We sat around thinking these thoughts at a meeting at which several of the best woodshop projects of the past month were put through their paces. Graeme Knight's simple and clever homemade rowing machine won, not least because it's getting cold and chopping wood once a week just isn't going to keep those holiday drones from taking permanent residence on our haunches. Rowing works virtually every muscle group in the body, and it doesn't require an "Ultima Gym " to do properly. The rest of these words are Graeme's, and begets a round of kudos from we tinkerers.—Matt Scanlon
With about $70, a single sculling seat, a pair of sculling grips, and a number of 10-pound weights, it is possible to build a rugged and dependable rowing machine. Refer to the 171-homemade-rowing-machine-diagram pdf as you follow the instructions below.
Rear Frame Construction
The seat is constrained within two parallel wood strips screwed on top of 2 x 4 lengths. The space between the strips should allow 1/8" clearance outside the seat wheels.

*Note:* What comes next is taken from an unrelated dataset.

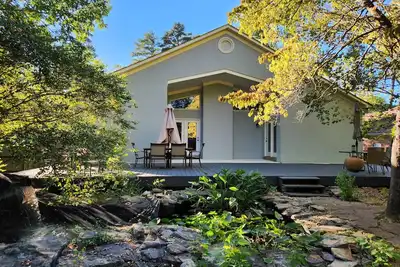 Image de The Green Oasis Near Providence, Mid City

Two 1 1/2" x 7/8" x 3/8"-thick pieces of wood are used to stop the sculling seat from sliding off the back of the rower.
Drill four 3/8"-diameter holes at the front of the frame to enable the rear frame to be bolted to the front, using 3 1/2"-long coach bolts, spring washers, and nuts.
Front Frame Construction
Cut all of the 2 x 4 and the 5/8" x 4 1/2" material to length.
Cut a 3/8"-diameter steel shaft to length (6", by these plans), so that it passes 1" into one of the 24 1/2"-high pieces and protrudes 1/8" outside of the opposite 24 1/2"-high piece.
Assemble the two side frames using coach bolts, spring washers, and nuts. The two frames should be carefully aligned before drilling the holes for the lower pulley shaft. After drilling the holes, place the steel pulley shaft in position to keep the two side frames aligned. Then position the two 20"-long top pieces and drill the 3/8"-diameter holes for the top pulley shaft (use a 5"-long coach bolt for this upper shaft).
Bolt the two side frames on either side of the rear frame and install the pulleys with a suitable number of 1"-outside-diameter x 3/8"-inside-diameter packing washers, as shown on the plan view drawing. (I used six 3/64"-thick washers on each of the two pulley shafts.)
Cut two 9 1/2"-long foot rests from 2 x 4 material and screw them to wedges mounted on the 54"-long inclined pieces.
Assembling the Weight System
Cut a 9 1/2" length of 3/8"-diameter rope and tie it to a 1 1/2"-diameter dowel. Feed the other end of the rope over the two pulleys and attach to the desired number of 5-pound and/or 10-pound weights.
If four 10-pound weights are used and the distance through which they are raised is 41", then the work per stroke is: 41"/12 x 40 Ibs = 137 ft-Ibs. If this work is done in 1.08 seconds (which corresponds to 120 strokes in 4 minutes, 15 seconds) the power is 137 ft-lbs/1.08 secs x 1.356 = 171.6 watts (or 0.23 hp). To calculate other powers, use the following equation: power (watts) = 0.113 x distance load is raised (inches) x total weight (lbs)/time (secs).